**TASK TO CARRY OUT:** Retype the listing exactly as it stands, and keep every image out.

**DATASET EXCERPT:**
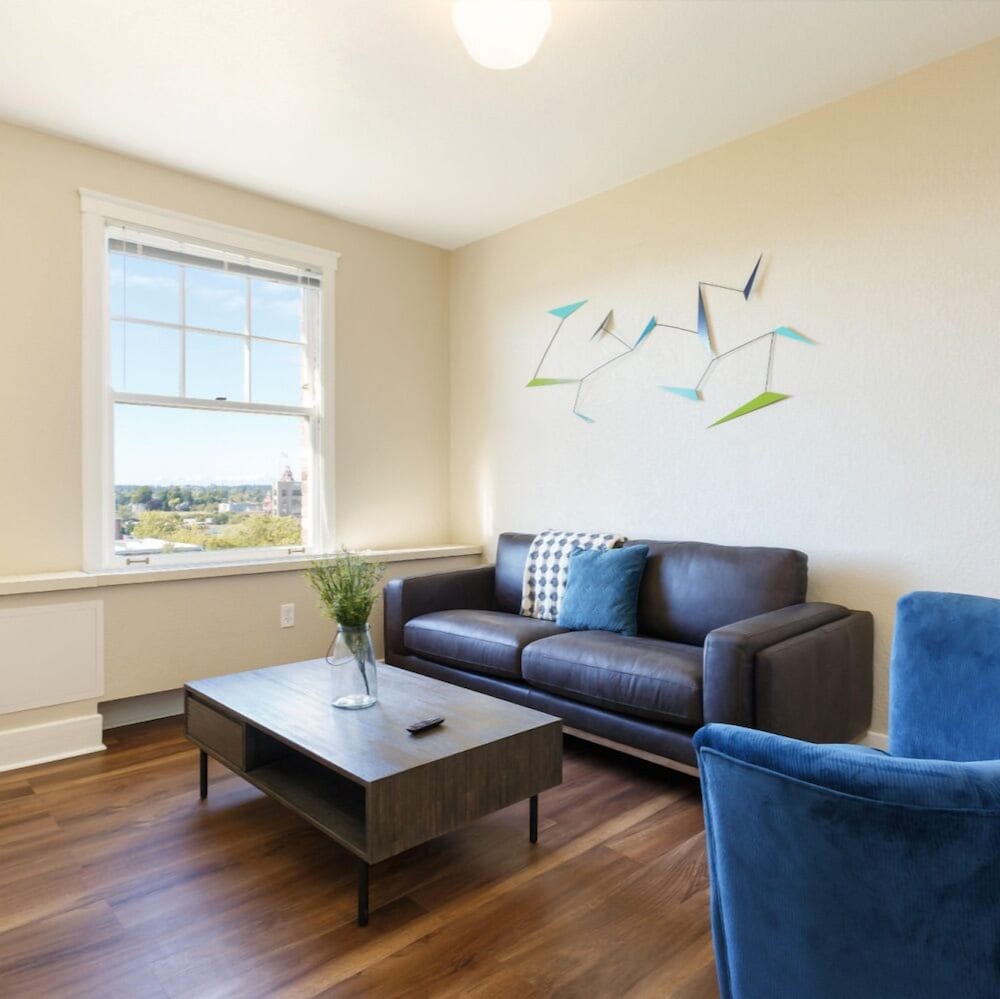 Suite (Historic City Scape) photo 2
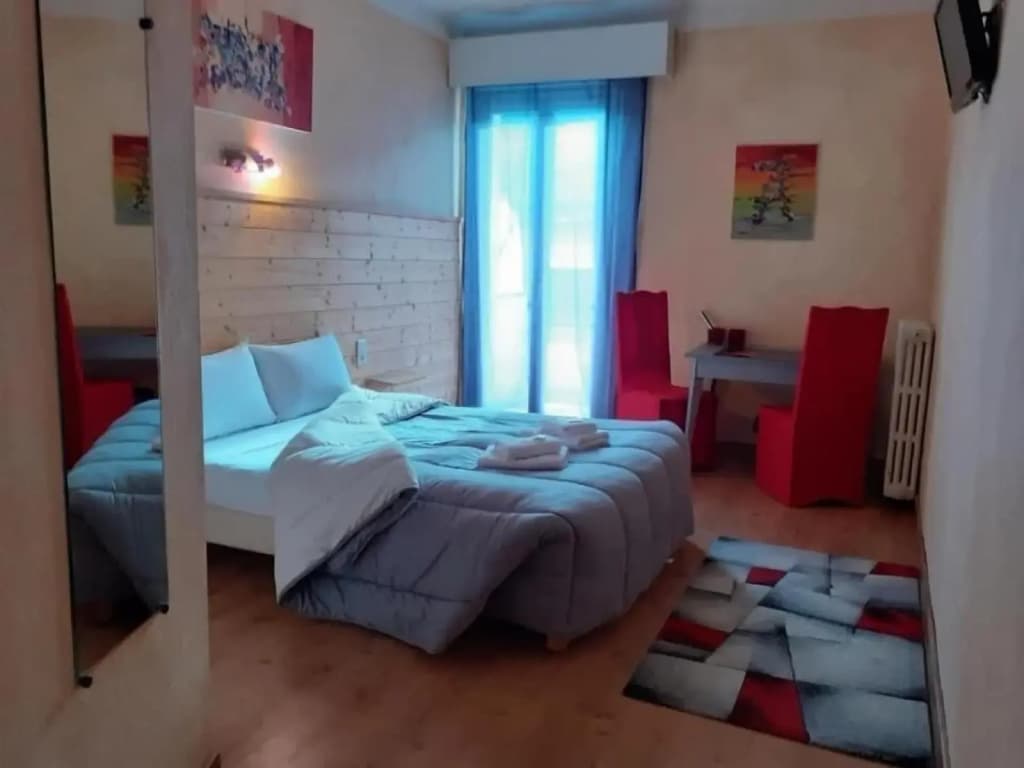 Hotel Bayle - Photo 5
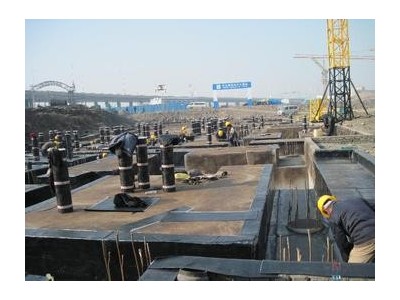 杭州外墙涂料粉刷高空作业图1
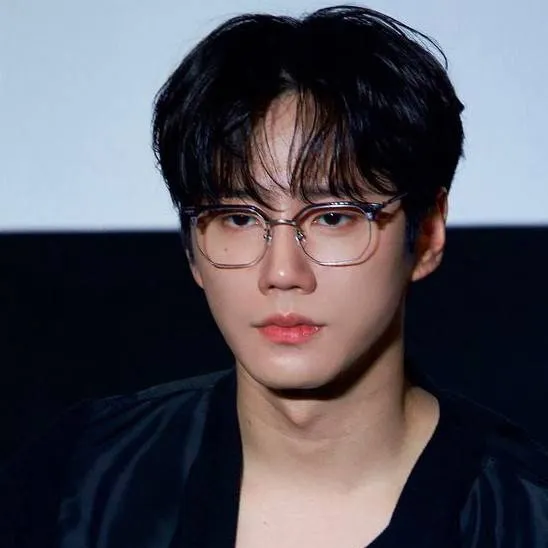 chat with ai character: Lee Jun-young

**SOLUTION TO THIS EXERCISE:**
 Suite (Historic City Scape) photo 2
 Hotel Bayle - Photo 5
 杭州外墙涂料粉刷高空作业图1
 chat with ai character: Lee Jun-young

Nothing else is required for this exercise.